* SOURCE MATERIAL *
==================================================

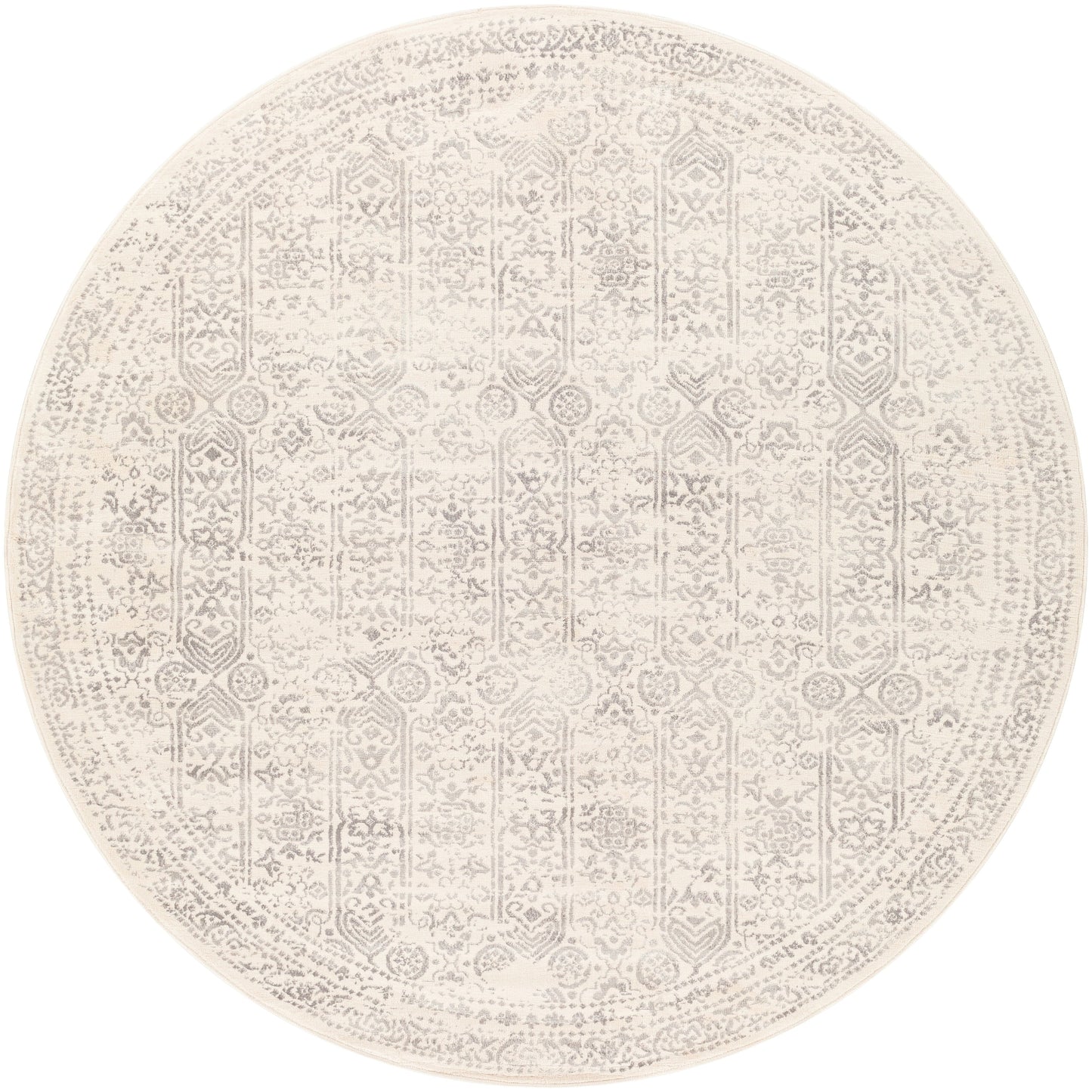 Livabliss Henson Vintage Traditional Area Rug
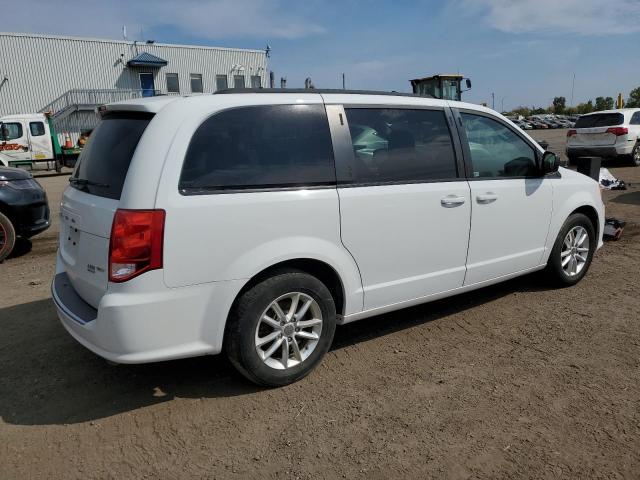 Photo 3 from auction – 2018 DODGE GRAND CARA with VIN 2C4RDGBG3JR231786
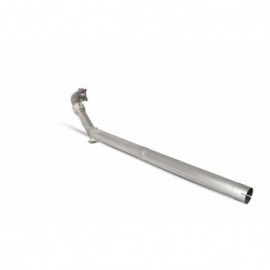 Downpipe Volkswagen Golf GTI MK5 & Edition 30 De-cat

==================================================

* EXERCISE *
Pictures stay out; everything else in the listing above gets repeated exactly.

* EXERCISE ANSWER *
 Livabliss Henson Vintage Traditional Area Rug
 Photo 3 from auction – 2018 DODGE GRAND CARA with VIN 2C4RDGBG3JR231786
 Downpipe Volkswagen Golf GTI MK5 & Edition 30 De-cat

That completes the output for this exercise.